Could you give back exactly the lines below from the one with "Σαλαμίνα: ξεκινά η" through the one with "Kendalikan Harga Minyak", without a single picture?
### Study material ###
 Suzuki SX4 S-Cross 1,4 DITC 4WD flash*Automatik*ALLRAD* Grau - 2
###
### Study material ###
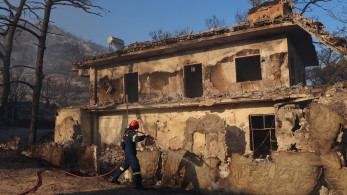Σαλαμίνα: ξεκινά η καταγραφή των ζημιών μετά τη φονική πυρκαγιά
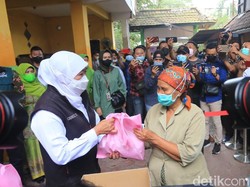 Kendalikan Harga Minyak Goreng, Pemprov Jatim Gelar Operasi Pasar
###
### Study material ###
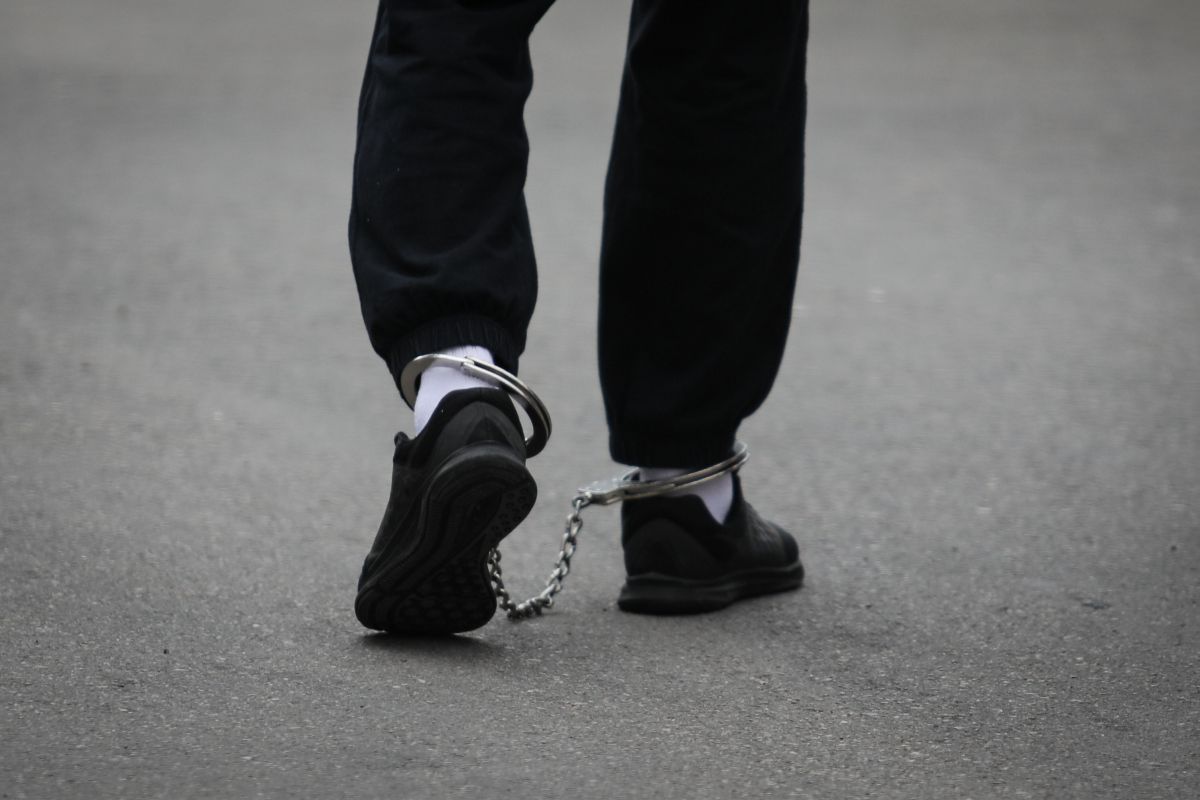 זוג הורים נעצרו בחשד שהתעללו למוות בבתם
###
Answer box >>
Σαλαμίνα: ξεκινά η καταγραφή των ζημιών μετά τη φονική πυρκαγιά
 Kendalikan Harga Minyak Goreng, Pemprov Jatim Gelar Operasi Pasar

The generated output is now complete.